Why is fertility just women's problem?

Why is fertility just women's problem?


Why is fertility just women's problem?

Sex education. We’re all for sex education in this house. The earlier the better; nothing too portentous; as and when the subject comes up.

“Why has the dog got nipples? Why is he mounting his sister?” That’s the easy peasy stuff (God made him that way, darling, the mucky pup). It can also be a little bit more technical — but to be honest, I try not to let it. “How do babies get out? How do babies get in? Why do boys have willies?” My standard response to any question is usually a serious nod followed by, “Ah, you see, it’s all about the birth canal…”, which sounds both satisfactorily scientific and suitably dull.

Daddy used to try and explain (surprisingly hesitantly for a man who can recite the name and reign of very Roman Emperor since Augustus), but now he leaves it to me: “Well, they are girls, after all.” He has a point and I’m not sure the “I, Claudius” stuff will be relevant — and, on a domestic level, that sort of crassly sexist delineation works as long as he takes the bins out on a Tuesday morning.

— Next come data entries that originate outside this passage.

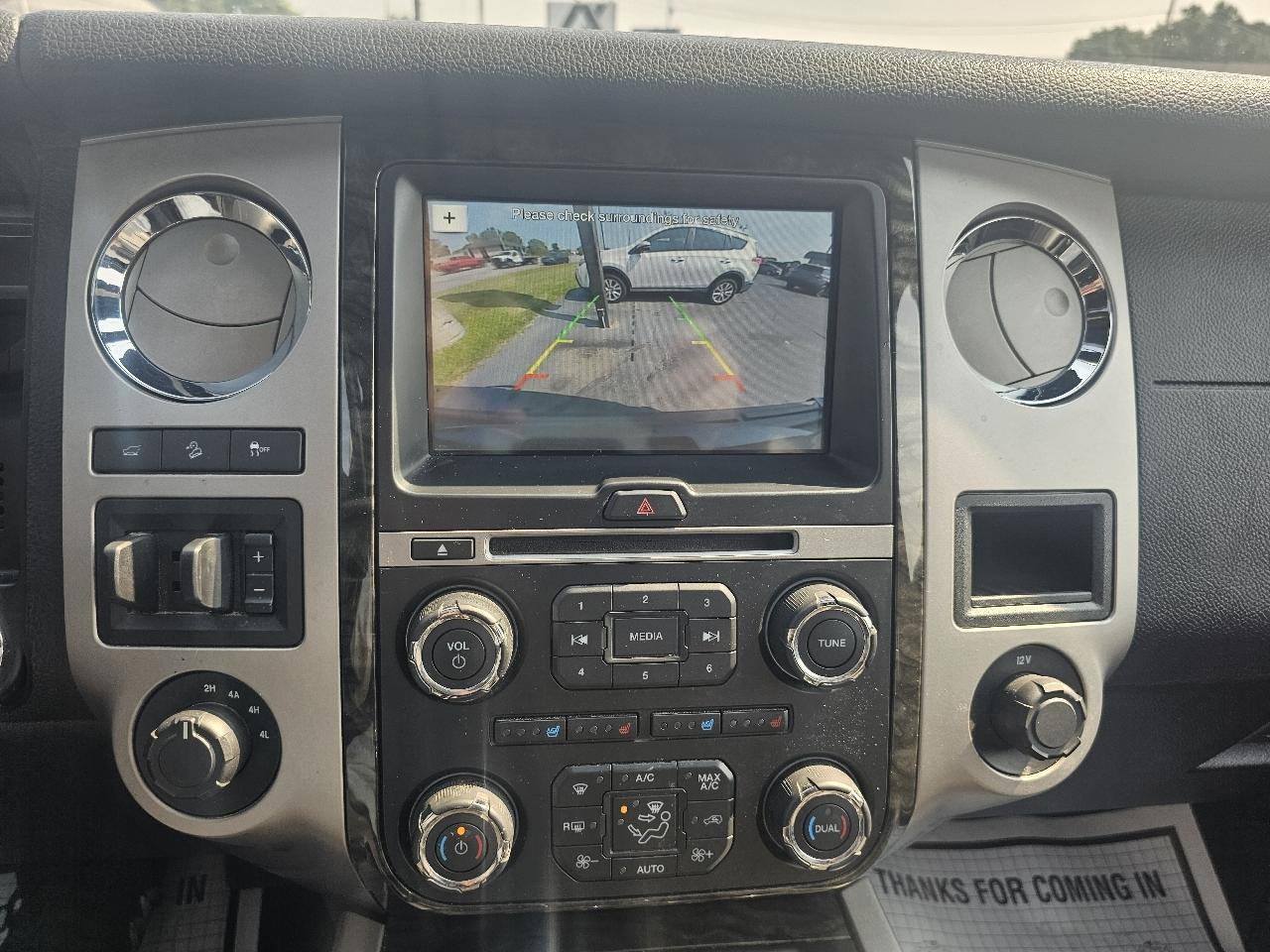 Ford Expedition EL Limited 4WD 2016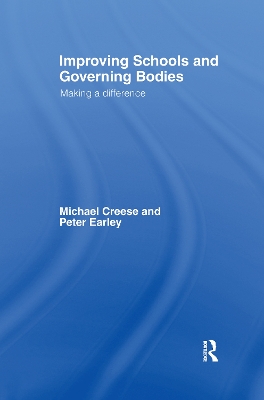 Improving Schools and Governing Bodies book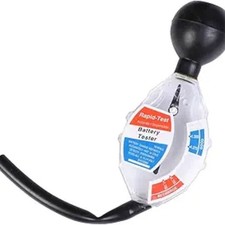 Hydrometer Tester, Acid Quality Fast Detection Tool, Deep Cycle Analyzer Density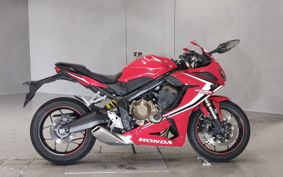 HONDA CBR650R RH03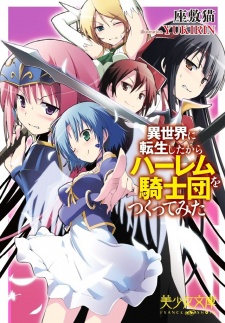 Isekai ni Tensei shita kara Harem Kishidan wo Tsukuttemita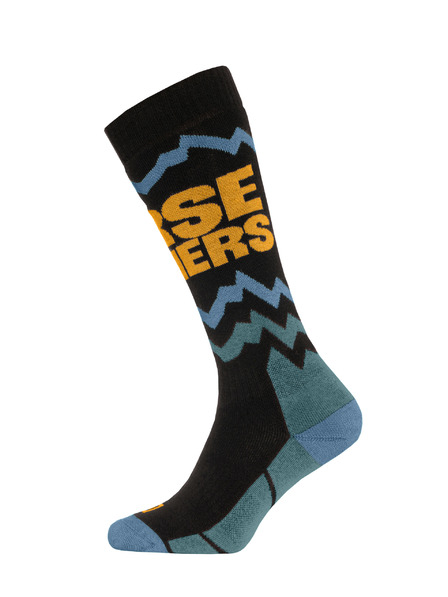 Horsefeathers Gyermek snowboard zokni Mitzi - moon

Anyway, I’ve always visualised sex conversations as enormous oxbow lakes that meander on and probably won’t return for weeks, maybe years. The elder one, who is now 14, once asked me if sex was enjoyable. “Not with your father,” I quipped. No, I didn’t, of course I didn’t. What I said was: “Yes, it is enjoyable, but sex can also be not at all enjoyable. It’s like going to cinema: would you rather go with someone you know and like, or someone you’ve just met in the queue? Who might eat all the Pic ‘n’ Mix and leave before the lights go up so you have nobody to chat to about the movie?

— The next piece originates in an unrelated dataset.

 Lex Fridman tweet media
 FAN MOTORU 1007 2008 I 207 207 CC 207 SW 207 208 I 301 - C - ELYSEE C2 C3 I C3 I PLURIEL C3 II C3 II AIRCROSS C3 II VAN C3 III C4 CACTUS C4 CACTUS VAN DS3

Because if you go with a friend, even if the film is a bit rubbish, you can have a right old laugh about it afterwards.”

Genius, huh? Feel free to use it and mention my name, because I am seriously considering putting myself forward as the National Curriculum Sex Tsar.

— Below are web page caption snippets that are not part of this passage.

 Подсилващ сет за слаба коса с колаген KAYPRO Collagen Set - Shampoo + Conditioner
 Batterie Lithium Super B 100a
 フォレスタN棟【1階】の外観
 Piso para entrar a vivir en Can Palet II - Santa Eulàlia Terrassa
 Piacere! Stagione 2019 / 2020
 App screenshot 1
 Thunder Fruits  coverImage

Especially since Professor Adam Balen, chairman of the British Fertility Society and professor of reproductive medicine at Leeds University, announced that he would like nine-year-old girls to be taught about their fertility window. And, take it from me, he’s not talking about the pots of watercress and parsley growing in the classroom. He actually means informing them how to stay healthy to maximise their chances of pregnancy, before it’s too late. Having dealt with a great many women who desperately try to conceive in their late thirties and early forties, he has more reason than most to despair about the modern disconnect between age and stage.

Just the girls

We live in such an appearance-obsessed culture than youthfulness is equated with being young. A woman might not look 38, but as sure as eggs are eggs, her supply is dwindling and diminishing in quality, year by year. There’s a myth that you’re fine to hold back until you reach 35, which is just that — a myth. Professor Adam — and he ought to know — says that fertility declines from the age of 28 or so. I’m all for correcting that misconception. But why just tell girls? It’s outrageous to think that boys might not be
included in this very important debate.

One very striking reason why a generation of women are “leaving it too late” is because their boyfriends and partners aren’t ready to man up and settle down. I know a good handful of women who have spent years trying to persuade their reluctant menfolk to start a family.

Why does nobody want to impress upon nine-year-old boys that they too have a fertility window? That sperm counts have plunged by more than half over the past 50 years, that in the foreseeable future one in five men will suffer fertility problems, and that the quality of sperm also declines with age?

It enrages me that we have gone full circle in placing responsibility for reproduction on women alone. Also recently we have seen women being urged to “ditch the ovulation timetable” when they are trying to get pregnant, because it gives men performance anxiety. He may well be right; in fact, he probably is. There are fewer more emasculating sights than a beady-eyed alpha female brandishing a thermometer and pulling back the sheet.

But his words can also be construed as a get-out clause for men, who want children in theory but, after the novelty wears off, aren’t so keen on the practice. Babies are a joint enterprise and young men must be educated to understand that, biologically speaking, it’s also in their best interests to have children earlier rather than later: the risk of a child having autism increases with a father’s age.

There are a great many other pressures on most young couples these days: stressful jobs, long hours, daunting childcare costs, unaffordable housing. Filing fertility under the rubric “well, they are girls after all” creates division and disharmony and will not do. Fertility concerns should be shared by partners for the sake of fairness and equality.